Bursa REITs, Property Stocks, or Properties – how to choose?

Case Notes 29. REITs, Property Stocks or Properties are all investment in real estate. This article looks at the factors to consider when deciding how to choose among them.
How to choose between REITs, Property stocks and Properties?

A Real Estate Investment Trust (REIT) is a corporation that owns, operates, or finances income-producing real estate or real estate-related assets. REITs pool the capital of numerous investors.

According to Bursa Malaysia, real estate is a key asset class in an investment portfolio. Before REITs were introduced, an investor will have to choose between Property Stocks or physical Properties to get exposure in the real estate sector. With REITs, investors now have an alternative. 

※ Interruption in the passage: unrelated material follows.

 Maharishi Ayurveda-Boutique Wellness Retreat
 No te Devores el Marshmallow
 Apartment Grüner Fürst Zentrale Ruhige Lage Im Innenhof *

If you are a long-term investor in real estate, how do you choose between REITs, Property Stocks, or physical Properties? I define a long-term investor as someone with at least 10 years of investment horizon. This is to differentiate it from the property “flippers” and the stock traders. 

Secondly, I am looking at investments from a retail investor perspective. In practice, this means limited capital for investing. I am also looking from an investment perspective. In other words, the investment in a physical Property is not for own use. 

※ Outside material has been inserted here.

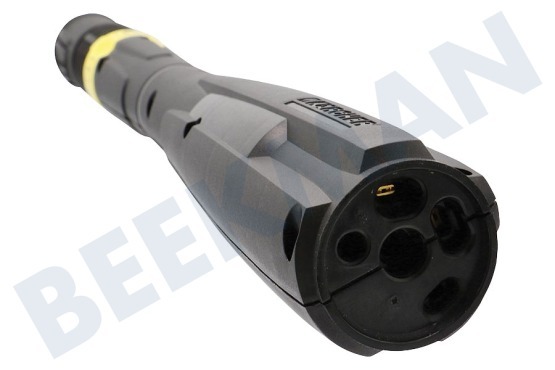 Karcher Alta presión 2.643-239.0 Multipower Jet MP145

In the Malaysian context, the evidence points to REITs as providing the best returns among these 3 investment types.

Should you go and buy the REITs?  Well, read my Disclaimer.

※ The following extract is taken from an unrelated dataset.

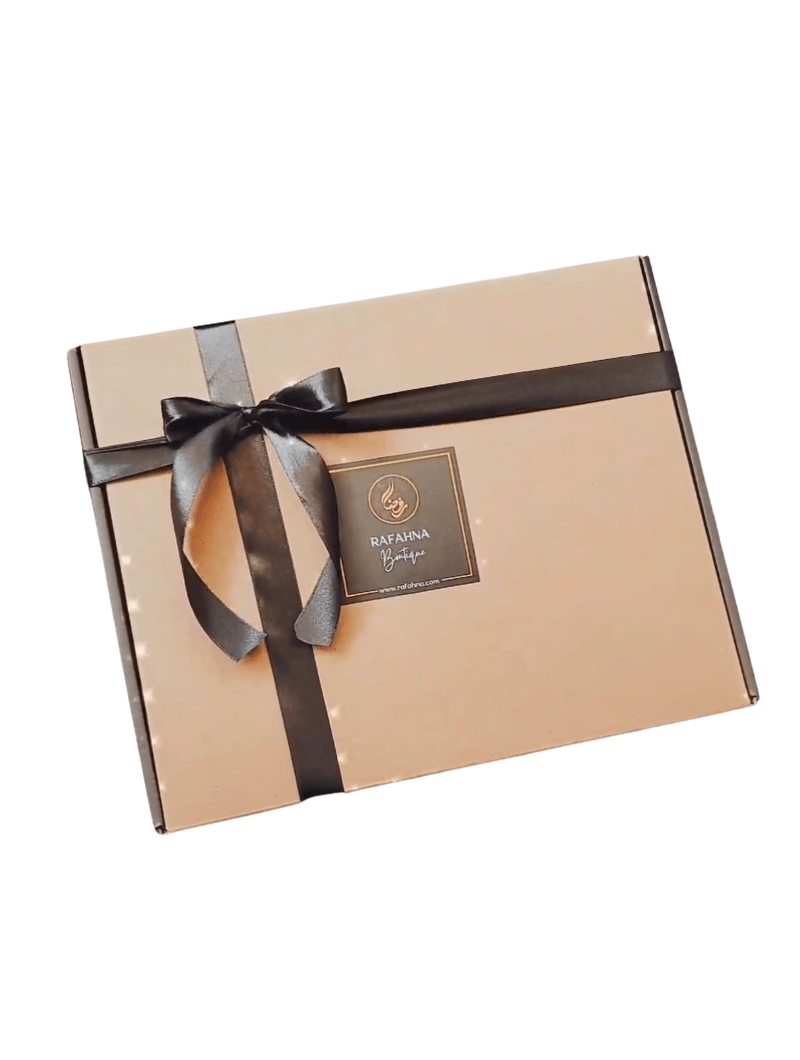 Box Cadeau Sur-mesure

  • Comparing the 3 investments
  • Choosing the investments
  • Historical returns
  • Conclusions
  • Method
  • Appendix

Comparing the 3 investments

While there are many articles that compare these 3 investments, very few look at them collectively. Most of them compare two at a time ie
  • REITS vs Property Stocks.
  • REITs vs physical Properties.
  • Property Stocks vs physical Properties

If you are going to choose among the 3 of them, I think it is more appropriate to look at them collectively. Table 1 summarizes such a comparison where I have grouped them into 3:
  • Business characteristics.
  • Advantages and disadvantages to the investor.
  • Risks to the investor.

You can see that as a stock market instrument, a REIT shares many of the characteristics of a stock.  Investing in physical Properties is very different from investing in REITs or Property Stocks.

Comparing REITs, Property Stocks and physical Properties
Table 1: Comparing REITs, Property Stocks and physical Properties

Choosing the investments

I am a firm believer that to make money from your investments, you need to develop the appropriate investing skills. The skills for investing in physical Properties are different from those required for the stock market.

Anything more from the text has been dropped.